Data extract:
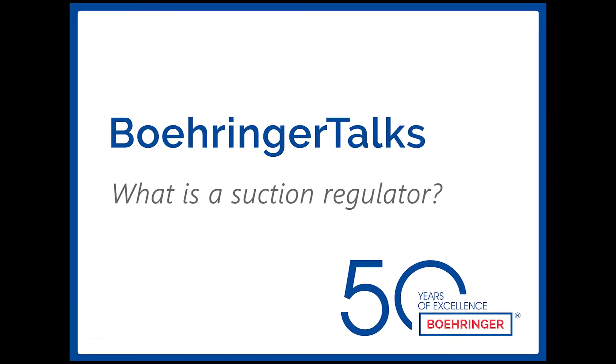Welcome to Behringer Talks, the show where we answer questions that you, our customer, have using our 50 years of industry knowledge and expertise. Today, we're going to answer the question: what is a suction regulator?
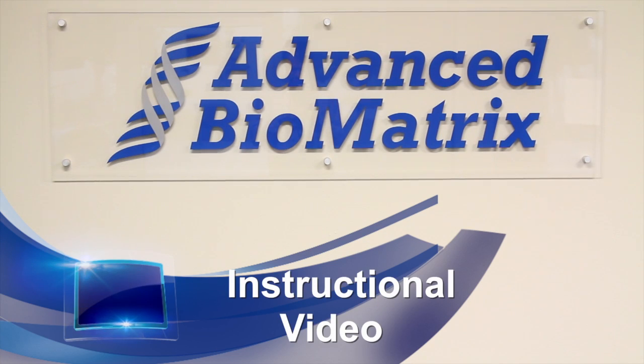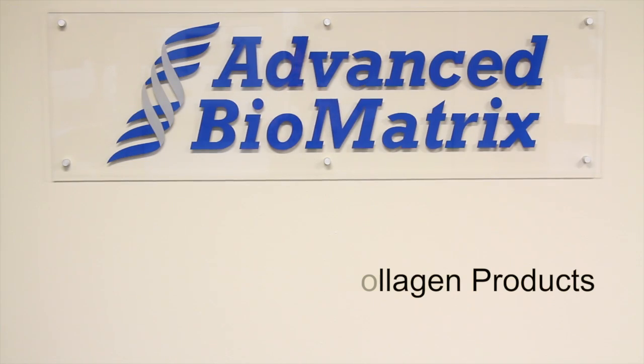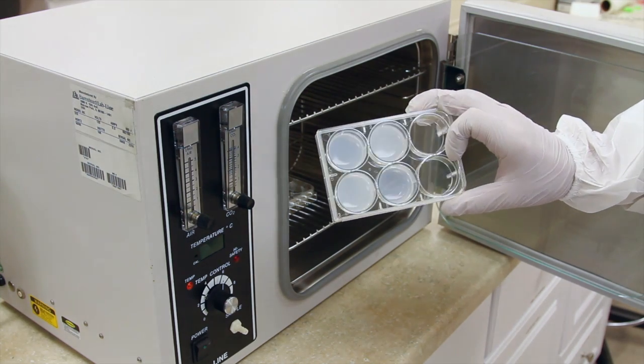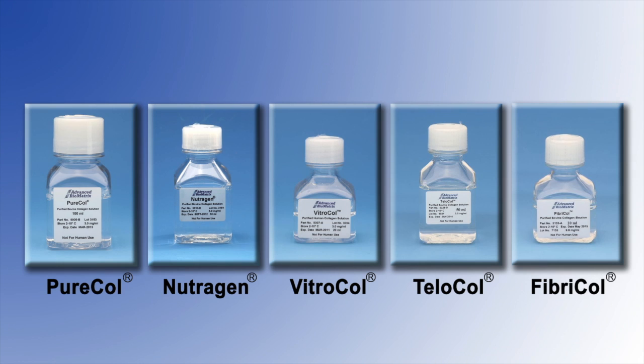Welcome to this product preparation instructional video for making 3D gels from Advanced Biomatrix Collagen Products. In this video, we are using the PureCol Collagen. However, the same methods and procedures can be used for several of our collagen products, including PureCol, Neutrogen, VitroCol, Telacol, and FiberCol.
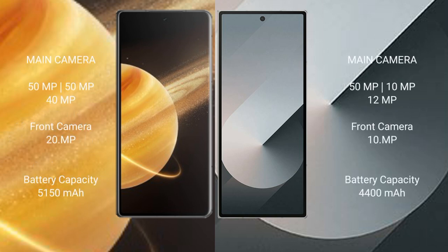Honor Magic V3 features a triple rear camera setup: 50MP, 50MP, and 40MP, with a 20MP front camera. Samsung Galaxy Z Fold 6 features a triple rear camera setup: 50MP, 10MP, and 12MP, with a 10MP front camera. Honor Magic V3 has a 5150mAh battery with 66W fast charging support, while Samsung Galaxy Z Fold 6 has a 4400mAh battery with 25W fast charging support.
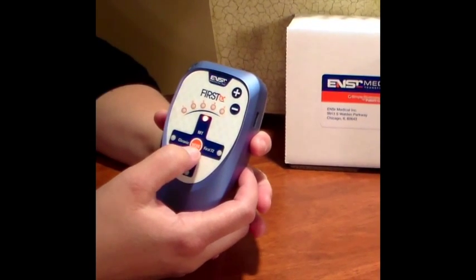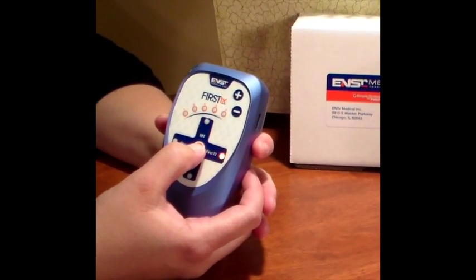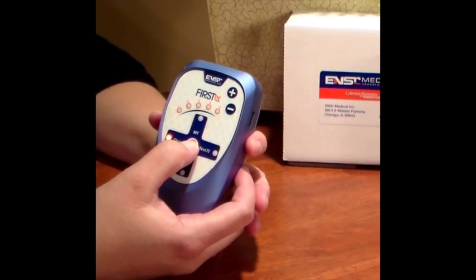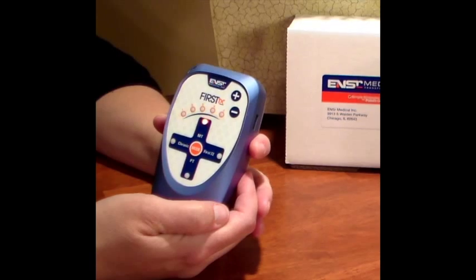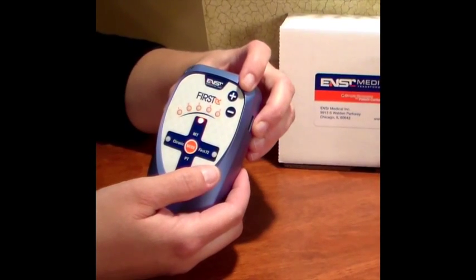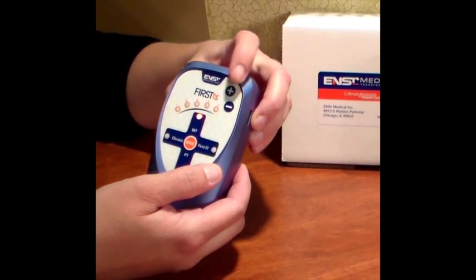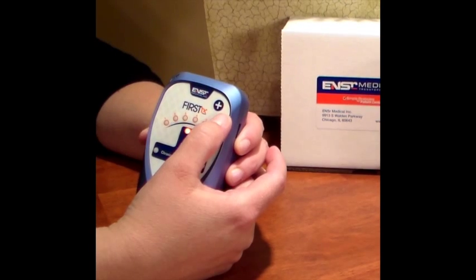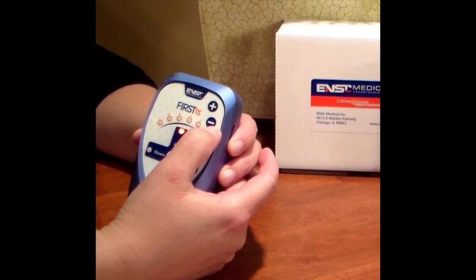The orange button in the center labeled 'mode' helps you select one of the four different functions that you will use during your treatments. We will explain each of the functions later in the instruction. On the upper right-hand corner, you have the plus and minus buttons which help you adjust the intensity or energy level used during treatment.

Exercise brief:
The full listing above, duplicated exactly and without its pictures, is the answer.

Solution to the exercise:
Welcome to Behringer Talks, the show where we answer questions that you, our customer, have using our 50 years of industry knowledge and expertise. Today, we're going to answer the question: what is a suction regulator?
Welcome to this product preparation instructional video for making 3D gels from Advanced Biomatrix Collagen Products. In this video, we are using the PureCol Collagen. However, the same methods and procedures can be used for several of our collagen products, including PureCol, Neutrogen, VitroCol, Telacol, and FiberCol.
Honor Magic V3 features a triple rear camera setup: 50MP, 50MP, and 40MP, with a 20MP front camera. Samsung Galaxy Z Fold 6 features a triple rear camera setup: 50MP, 10MP, and 12MP, with a 10MP front camera. Honor Magic V3 has a 5150mAh battery with 66W fast charging support, while Samsung Galaxy Z Fold 6 has a 4400mAh battery with 25W fast charging support.
The orange button in the center labeled 'mode' helps you select one of the four different functions that you will use during your treatments. We will explain each of the functions later in the instruction. On the upper right-hand corner, you have the plus and minus buttons which help you adjust the intensity or energy level used during treatment.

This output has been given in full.